• Input data:
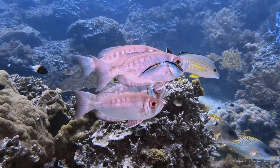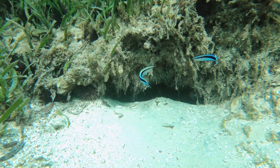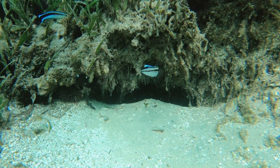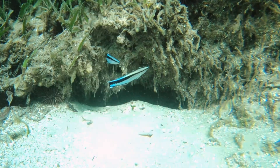Cleaner wrasse are easily recognizable by their shape and flashy blue and black colored stripes. Cleaners perform dances to attract clients, which signals their willingness to clean. It's quite a mesmerizing, oscillating dance.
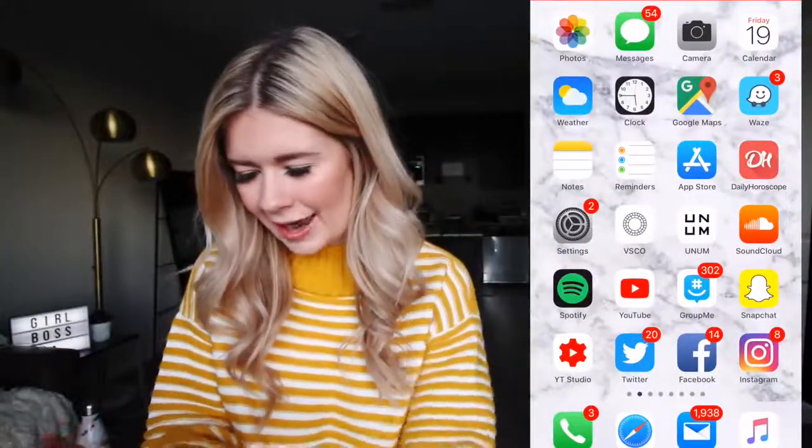I'll stop the screen recording now. I hope you guys enjoyed looking into my phone. I really hope you guys enjoyed this video — I love you guys so much. I literally just filmed this because you guys wanted to see it, so I hope you got something out of it. Comment down below your favorite app, or your favorite productivity app or health app — something useful in my life, because I don't need any more games. I love you guys so much. Thank you so much for watching and I'll see you guys soon. Bye-bye.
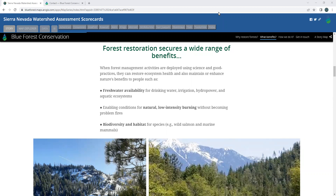Hello, my name is Greg Virutis with Blue Forest Conservation, and I will be highlighting two sections of the Sierra Nevada Watershed Assessment Scorecard during this brief demo.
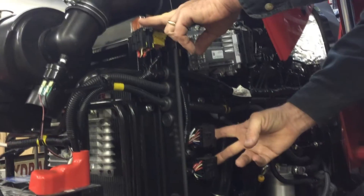Our electrical components are all right here. Fused panels right here at each side of our fingertips. As we come around, we've got our battery. We've got our air filter here.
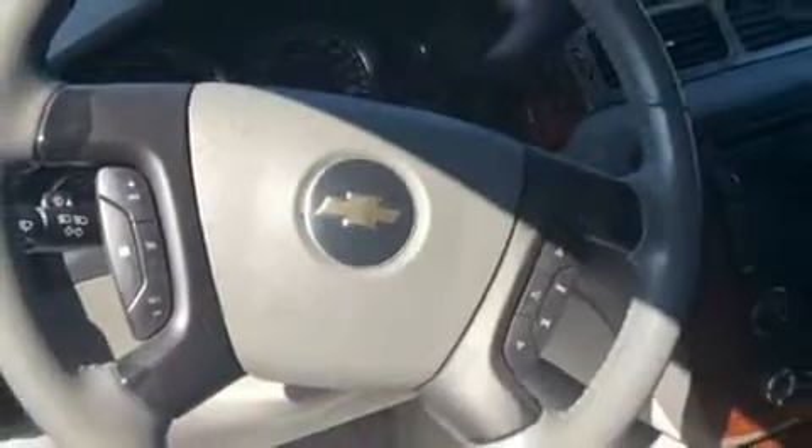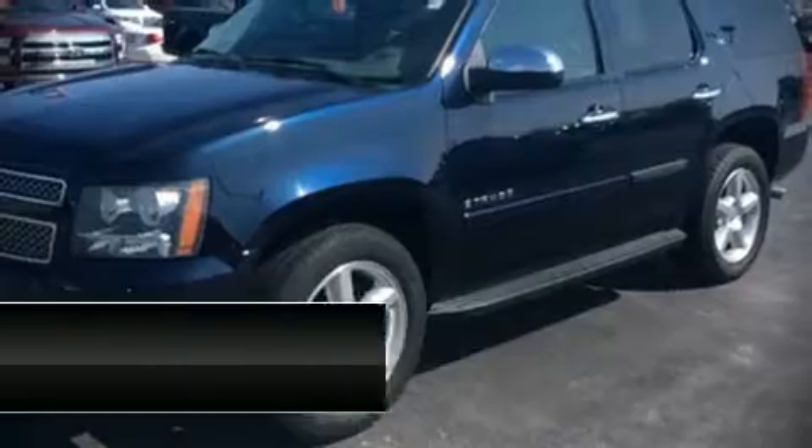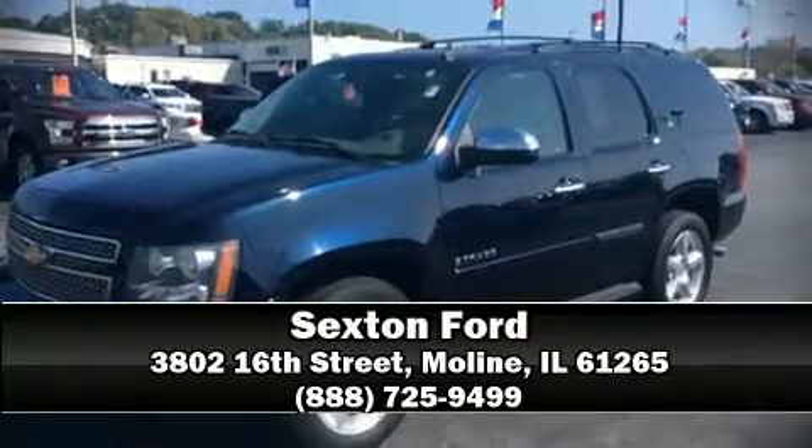We have a skilled and knowledgeable sales staff with many years of experience satisfying our customers' needs. Call now to schedule a test drive.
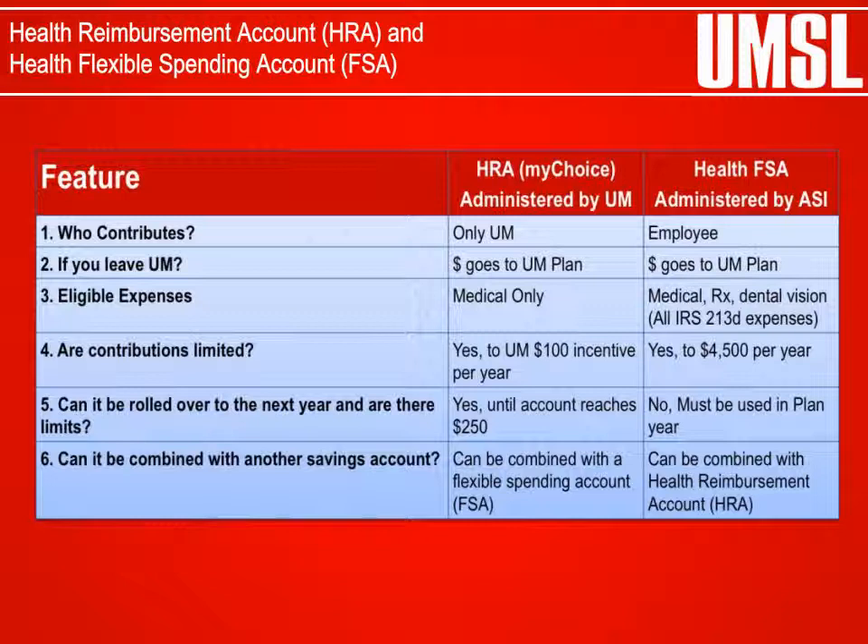MyChoice enrollees can also participate in a Health Flexible Spending Account. The Health Flexible Spending Account is a tax-advantaged plan that allows the employee to set aside funds from their payroll checks to be reimbursed for eligible out-of-pocket health expenses. Funds may be used to pay for qualified medical, dental, vision, prescription drugs, and all IRS 213D expenses. Health Flexible Spending Account enrollment is available only during the annual enrollment change period.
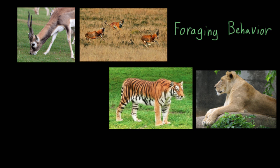The term foraging actually refers to a bunch of different behaviors. For example, it can include looking for food, like this antelope right here who's eating grass. But it can also include things like stalking prey, which we can see in this picture with a tiger chasing antelope.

• Your goal: What is needed is a word-for-word repeat of every line from the line with "Hello, my name" to the end of the entries above; leave out the pictures.

• Exercise solution:
Hello, my name is Greg Virutis with Blue Forest Conservation, and I will be highlighting two sections of the Sierra Nevada Watershed Assessment Scorecard during this brief demo.
Our electrical components are all right here. Fused panels right here at each side of our fingertips. As we come around, we've got our battery. We've got our air filter here.
We have a skilled and knowledgeable sales staff with many years of experience satisfying our customers' needs. Call now to schedule a test drive.
MyChoice enrollees can also participate in a Health Flexible Spending Account. The Health Flexible Spending Account is a tax-advantaged plan that allows the employee to set aside funds from their payroll checks to be reimbursed for eligible out-of-pocket health expenses. Funds may be used to pay for qualified medical, dental, vision, prescription drugs, and all IRS 213D expenses. Health Flexible Spending Account enrollment is available only during the annual enrollment change period.
The term foraging actually refers to a bunch of different behaviors. For example, it can include looking for food, like this antelope right here who's eating grass. But it can also include things like stalking prey, which we can see in this picture with a tiger chasing antelope.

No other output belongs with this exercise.